"Why do you ask that?" demanded Hilliston sharply, and, as it seemed to Claude, a trifle uneasily.

"Well, as I am a stranger to her, she cannot wish to see me on any personal matter, sir. And as you mention that you have not seen her for five-and-twenty years, about which time my parents died, I naturally thought——"

"That I had some object in asking you not to see her?"

"Well, yes."

"You are a man of experience now, Claude," said Hilliston, with apparent irrelevance, "and have been all over the world. Consequently you know that life is full of—trouble."

"I believe so; but hitherto no trouble has come my way."

"You might expect that it would come sooner or later, Claude. It has come now."

"Indeed!" said Larcher, in a joking tone. "Am I about to lose my small income of five hundred a year?"

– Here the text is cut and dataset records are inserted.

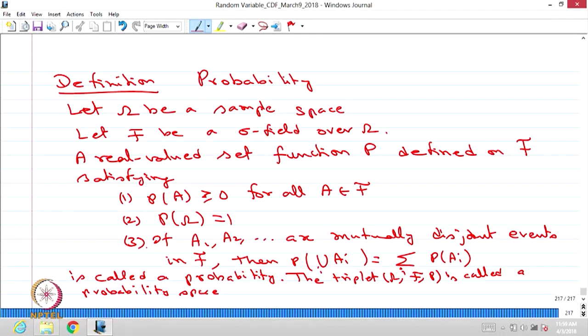You create a sigma field — it could be trivial or non-trivial — over the non-empty set omega. Now we are going to create a set function, that is a real valued function, meaning it is a mapping from F to R. The P function is a set function from F to R, where F is a sigma field consisting of subsets of omega satisfying the three conditions of the sigma field. Therefore the elements of F, which are subsets of omega, are called events.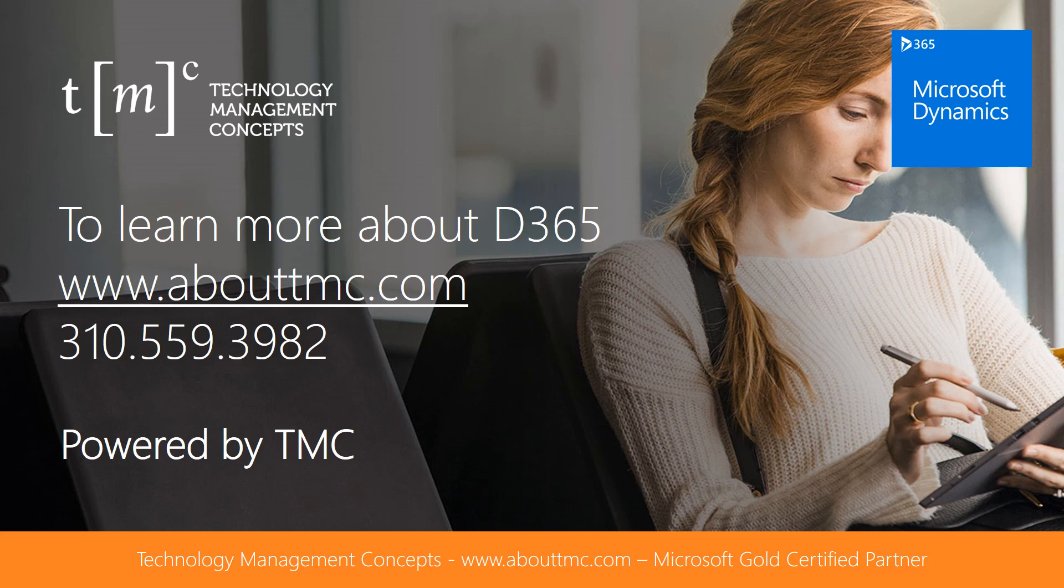To learn more about Dynamics 365, visit our website, www.abouttmc.com, or give us a call at the number below.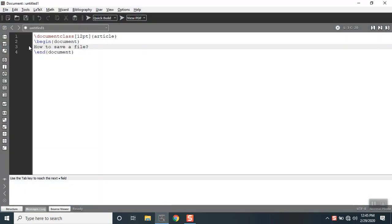I've typed in content like how to save a file. Initially if you see here, by default the file name will be untitled one, which means that indicates the file is not saved.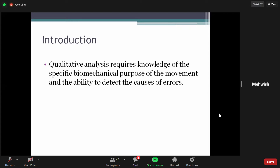Qualitative analysis में causes of errors detect करने की ability भी जरूरी है। यानि कि जो movement perform की गई है, क्या वो adequate है? उसमें कोई error तो नहीं है? जैसे shoulder पे जितनी flexion होनी चाहिए थी, elbow पे जितनी extension होनी चाहिए थी, या walking में hip पे जितनी extension आनी चाहिए थी — क्या वो adequate है या उसमें कोई error है?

"No, that is safe enough!" answered Hilliston abruptly, rising to his feet. "The trouble of which I speak will not affect your material welfare. Indeed, if you are a hardened man of the world, as you might be, it need affect you very little in any case. You are not responsible for the sins of a former generation, and as you hardly remember your parents, cannot have any sympathy with their worries."

"I certainly remember very little of my parents, sir," said Larcher, moved by the significance of this speech. "Yet I have a faint memory of two faces. One a dark, handsome face, with kind eyes, the other a beautiful, fair countenance."